Parece ser que el recurso más válido adoptado por los referentes del gobierno para cubrir sus desaciertos es apelar a mecanismos evasivos o simples delirios de persecución.
Mientras el país se debate en reacciones populares (de sectores que creíamos serían aliados de este gobierno: marchas campesinas, rebeldías de grupos autodenominados “ Sin techos” o riña por cargos en pleno internismo del PLRA) el primer anillo del presidente paraguayo, Fernando Lugo, sigue arrojando acusaciones sin datos consistentes, sobre la presencia tácita de un plan conspirativo.

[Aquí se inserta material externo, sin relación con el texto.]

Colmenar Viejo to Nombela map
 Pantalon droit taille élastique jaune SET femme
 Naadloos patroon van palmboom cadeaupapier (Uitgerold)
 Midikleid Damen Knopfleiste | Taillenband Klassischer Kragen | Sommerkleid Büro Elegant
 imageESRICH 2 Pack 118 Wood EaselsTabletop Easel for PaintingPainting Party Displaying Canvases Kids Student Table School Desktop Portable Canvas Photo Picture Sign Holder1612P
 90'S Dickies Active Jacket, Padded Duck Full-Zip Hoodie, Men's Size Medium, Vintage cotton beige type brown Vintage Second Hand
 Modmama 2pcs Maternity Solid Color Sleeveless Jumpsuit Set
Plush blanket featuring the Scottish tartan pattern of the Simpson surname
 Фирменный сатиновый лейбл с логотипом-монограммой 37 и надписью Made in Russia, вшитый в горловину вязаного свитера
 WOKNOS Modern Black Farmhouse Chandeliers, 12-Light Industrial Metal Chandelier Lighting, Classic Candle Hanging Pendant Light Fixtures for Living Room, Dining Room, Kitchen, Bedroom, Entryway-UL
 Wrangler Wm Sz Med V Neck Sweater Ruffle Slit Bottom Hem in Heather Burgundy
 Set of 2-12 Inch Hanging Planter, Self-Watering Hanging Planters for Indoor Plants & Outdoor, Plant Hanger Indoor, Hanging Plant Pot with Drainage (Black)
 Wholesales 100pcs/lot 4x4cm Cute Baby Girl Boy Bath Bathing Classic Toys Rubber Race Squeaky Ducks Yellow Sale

Esta vez las pretensiones ya no son atribuidas al ex partido de gobierno, la ANR, sino a sectores de escasa representación parlamentaria como el partido Patria Querida o al siempre bien ponderado UNACE, liderado por el ex general golpista, Lino César Oviedo.
Con este último habría que tener cuidado, pero la puja por el poder no le permitiría tomar demasiada ventaja.
No dudo que haya intenciones de querer derrocarlo a Lugo, más aún cuando luego de 63 años de autocracia colorada, se abre el abanico de oportunidades nada menos que a los sectores políticos de minúscula filiación de adeptos.
Hoy, palabras como las del ministro de Emergencia Nacional, Camilo Soares, quien acusa una alianza fáctica para tumbar a Lugo, denotan no sólo la falta de una visión seria de cómo conducir un país en tiempos de crisis, donde quien tiene el bastón de mando debe tomar la iniciativa de acercamiento y consenso, sino que pone en evidencia una alarmante paranoia en la principal estructura de poder.
Las autoridades deberían recordar la moraleja de la fábula del pastorcito mentiroso y antes de levantar polvaredas, ocuparse de robustecer sus “alianzas”, no vaya a ser que sus pocos amigos empiecen a darle la espalda, al darse cuenta de que el negocio de la sublevación sigue vigente como una opción de poder en el Paraguay.